The current high interest in NNs was arguably kickstarted with Krizhevsky, Sutskever, and Hinton (2012) and their introduction of ImageNet. The used with high resolution images, facilitated with 15 million labels in over 22 000 categories. This transformed the field of computer vision tasks for classification and identification. All of this was made possible by the large labelled dataset and the available compute power¹.

At its core a neural network consists of multiple layers (some with specific names) of interconnected nodes (or neurons).

Figure 1: Illustration of a generic Neural Network.

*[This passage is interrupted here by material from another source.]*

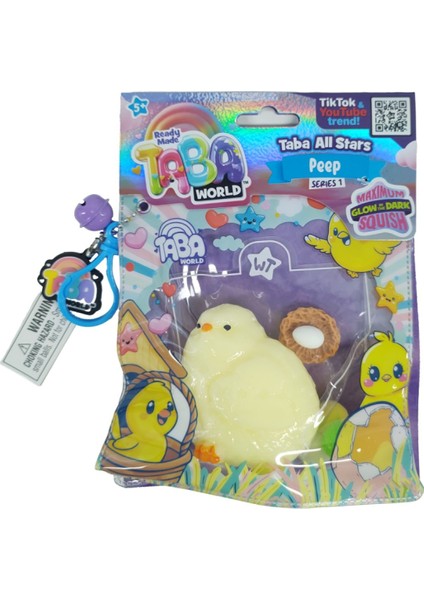 Taba World Peep Glow In The Dark Squishy Oyuncak Seri 1 Pom Pomlu ve Anahtarlıklı fiyatları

On the left in green we have the input, on the right in purple the output. In between we have multiple layers of various size. The connections (mapping) between the neurons can be defined but they do not have to be fully interconnected. We highlight some neurons and their connections simply for reference.

Similar to our view of the brain, the neurons process information and make decisions based on this information and their state (weights, biases, activation functions, etc.). Given enough data, computing power, the correct architecture, and hyperparameters they are universal functions approximation machines. They can be used to learn about complex relationships between the input and the output without requiring any rules or programming. They are ideal for pattern recognition, data classification, and regression analysis.

Following the discussion of (Brunton and Kutz 2022, chap. 6), mathematically speaking the main task in NNs lies in optimization. Specifically, NNs optimize over a composite function \[ \underset{A_j}{\operatorname{arg min}}\, \big( f_m(A_m, f_{m-1}(A_{m-1}, \cdots, f_2(A_2, f_1(A_1, x)))) + \lambda g(A_j) \big) \]

where \(x\) denotes the input, the matrix \(A_k\) denotes the weights connecting layer \(k\) with layer \(k+1\), \(\lambda\) and \(g\) are regularizations (bias) and \(f_k\) is the activation function \(k\).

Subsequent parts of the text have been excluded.